Está claro que el derecho a la protesta no da carta blanca para afectar por ejemplo el derecho a la vida de los demás o para acudir a formas violentas pero, dejando de lado estos escenarios extremos, en las situaciones menos graves esta respuesta que a muchos suena razonable tiene por lo menos dos problemas.
Primero, quienes se manifiestan están ejerciendo sus derechos a la libre expresión y a la protesta. Y justamente los derechos están diseñados de tal forma que puedan oponerse a la mayoría. Entonces, no porque un número importante de personas opine que los taxistas no deberían bloquear tal o cual avenida, o que ya hubo suficientes manifestaciones, estas protestas deben limitarse. La situación plantea un conflicto entre los derechos que tienen los dos grupos y seguramente alguno deberá modularse pero, como sugiere Roberto Gargarella en su ‘Carta abierta sobre la intolerancia’, los incómodos deberán mostrar antes por qué debe imponerse ese límite y por qué debe tener ese alcance.
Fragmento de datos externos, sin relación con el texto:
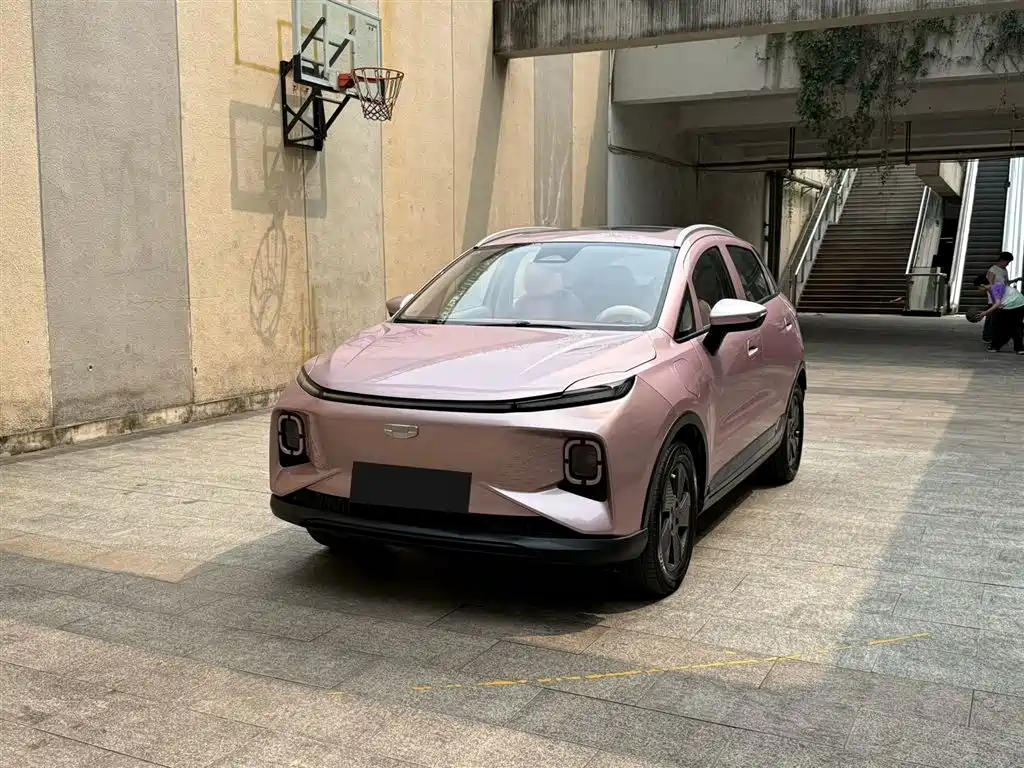 GEELY GEOMETRY E FIREFLY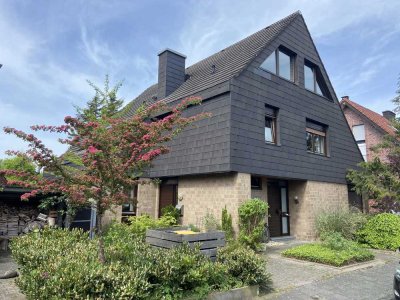 Großzügiges Einfamilienhaus für 3 Personen mit 3,5 Zimmern und Garage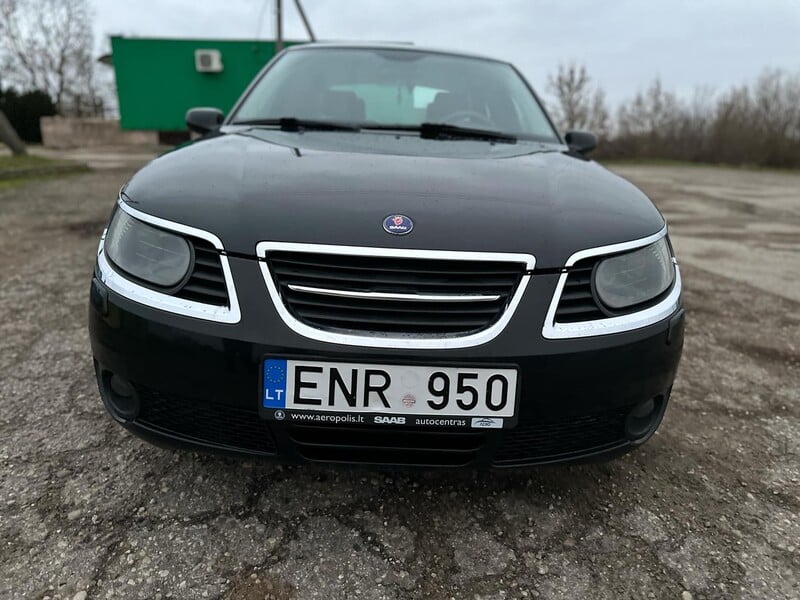 Фотография 1 - Saab 9-5 2007 г Седан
Lo segundo tiene que ver con una concepción del espacio y la vida pública en donde la tranquilidad se asocia al mantenimiento del estado de las cosas. Aunque el orden es llamativo para algunos (como yo), lo cierto es que la forma en que Colombia está ordenada hoy deja sin voz a grupos vulnerables o sin poder político que, justamente por esta condición, acuden a las protestas. El desarreglo de la cotidianidad se convierte así en la garantía de que serán escuchados públicamente. La protesta entonces sacude pero casi siempre lo hace positivamente, pues permite que participen otros actores en los debates. Por tanto, vigoriza la democracia.
Tratando de garantizar el disfrute de un cierto orden, en Colombia hemos pasado de la incomodidad a la violencia casi sin quererlo y algunos han terminado apoyando la restricción del debate democrático. Un nivel extremo de rechazo terminó en la eliminación de partidos enteros como la UP. Por eso, antes que aceptarlas como justificación de situaciones como estas, parece mejor lidiar con las molestias. Hace falta paciencia y frescura para no asfixiar la democracia.